In her efforts to save homeless, stranded, and abused cats and kittens, Lisa Sczerba's days are anything but typical. A cat was shot with a pellet gun on Willis Street in Syracuse the other day. Sczerba got the call just as she was leaving to run errands. Her plans changed.
"That's my life on a day to day basis," she said.
Sczerba is the vice president of Wayward Paws, a not-for-profit volunteer organization that rescues cats and kittens throughout Onondaga County. Co-presidents Tina Eck of Jamesville and Joan Hathaway of LaFayette formed the group in 2006.
"We're what you call a rescue group without walls," Sczerba said. "We work out of our homes, so all the cats are fostered within each of our homes."
Since its inception, Wayward Paws has rescued more than 1,000 cats and kittens. The process, though, is costly.
"We have at least a couple thousand dollars in vet bills a month from all the animals we take in," Sczerba said, listing injured and sick animals among those they save. "We immediately get all their vet care done, get all their shots, spay, neuter, if they've been hit by a car -- whatever they need done.
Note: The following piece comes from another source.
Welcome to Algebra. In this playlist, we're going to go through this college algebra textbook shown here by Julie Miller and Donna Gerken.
We get them healthy again, rehab them and put them up for adoption. And we're non-profit. We survive 100 percent on donations."
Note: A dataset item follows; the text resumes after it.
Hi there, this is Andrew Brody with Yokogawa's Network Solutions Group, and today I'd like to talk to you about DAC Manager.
In fact, Sczerba said the two main necessities the group continually seeks is monetary donations and foster homes. Right now, there are 70 cats being fostered through volunteers, and another 50 are on a waiting list.
Why so many cats?
"People aren't spaying or neutering and cats multiply so rapidly," Sczerba said. "Picture this: Two breeding cats plus their kittens and their kitten's kittens -- in seven years -- can add up to 420,000 cats. That's three generations of cats."